Few question regarding autotvm and tune_relay_x86


#1

Hi!

I am trying to understand autotvm using example of tune_relay_x86. I did some testing, some changes and based on that I have handful of questions for which I couldn’t find clear answer anywhere in the doc/sources. I’d very much appreciate any help.

  1. Is number of threads (TVM_NUM_THREADS) anyhow affecting inference (evaluation) run? Or is this value profitable only for tuning?
  2. Could someone explain what “task” mean in TVM? In tune_kernels task is one time present in prefix variable and another in comment # converting conv2d tasks to conv2d_NCHWc tasks. Documentation describes task: Task is a tunable composition of template functions. Looking at all of this, including fact that for resnet-18 there are 12 tasks, I got a bit confused how I should understand it. For example when I ran resnet-50 (just changed 18 to 50 in the script), I got 20 tasks.
  3. One of the lines produced by the script may look like this:
    [Task 12/12] Current/Best: 215.34/2271.11 GFLOPS | Progress: (400/400) | 2128.74 s Done.. What are those values in Progress?
    3a. In python/tvm/autotvm/tuner/callback.py it looks like the second number might be the total number of trials. From the code I can see that this value is passed in tune method and is equal to len(task.config_space), where on each trial the first value got somehow incremented. Is it this line: ctx.ct += len(inputs)? So in that case, what exactly are inputs?
    3b. Follow-up on that, what is, or where I can found definition of config_space

Thanks for help in advance.


#2

Unfortunately some of the parameters for the runtime and tuning can be confusing, but I’ll try to clarify those here:

  1. This controls the number of threads that will be used by the kernel implementation of each operator, not the amount of parallelism used during tuning. You should set this to the number of physical cores on your machine, or the number of physical cores that you want to use to perform inference. You should observe a near-linear speedup as you increase this number.
  2. A task can be thought of as a specific instance of an operator (e.g., conv2d, dense) with a specific shape (input size, window size, stride, etc.). Even though ResNet-18 has 18 layers, some layers may be identical from this perspective, so we can have fewer “tasks” than layers. x86 is a special case as there is a data layout transformation also defined. The comment you are referring to is about converting the data layout of 12 conv2d resnet-18 tasks to 12 conv2d tasks with a different data layout (in this case NCHWc).
  3. Progress is the number of measurements tried on real hardware out of the total number of measurements allotted (this is the n_trial) parameter in tuning_option. The last value is the amount of elapsed wall-clock time while tuning this task.
    3a, see above
    3b, the configuration space (different for each hardware backend) can be found in topi/python/your_hardware_backend. In this case it would be topi/python/x86.

#3

Thanks, that helps a lot.

Probably I mixed up something in the 3a bullet, sorry for that.

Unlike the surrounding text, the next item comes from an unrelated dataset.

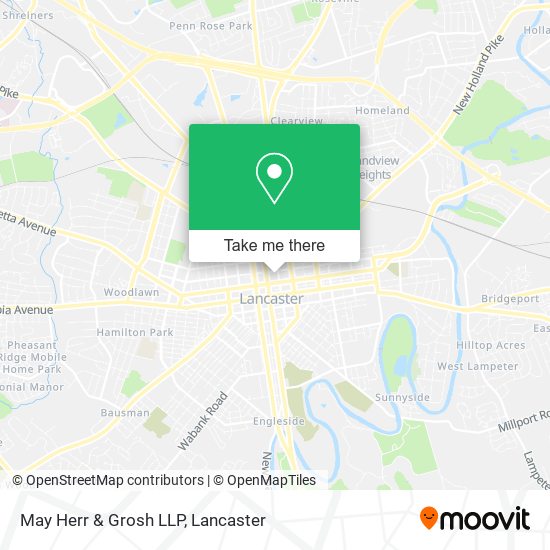 May Herr & Grosh LLP map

What I wanted to ask was not the number, after “Progress”, but the first number in the “Progress” bracket: (number1/number2). As you already explained number2 is total number of measurements allotted. I’d like to understand, how in such case number1 is updated. From source I believe this line is responsible for that ctx.ct += len(inputs), but I don’t understand what here input means. Are those task inputs? As you explained regarding task, that this is specific instance of operator.


#4

Inputs here should refer to the number of configurations that were tried on real hardware.
At a high level, the autotuning loop looks like this:
while (true) {
propose new configurations
select top k configurations by querying the machine learning cost model
run the top k configurations on hardware and measure the performance
count (ctx.ct) += k
if ctx.ct > n_trials break
refit the cost model with new data
}
So here an input is just one configuration or variant of the kernel run on the real hardware. Usually we will try a batch of 32 or 64 different configurations together for more parallelism when we have multiple devices for measuring performance—it is not related to the inputs to the task/operator itself.


#5

Thanks! That explains it.


#6

Hello, can you tell me how can you set the target for x86 CPU on this tutorials https://docs.tvm.ai/tutorials/autotvm/tune_relay_x86.html?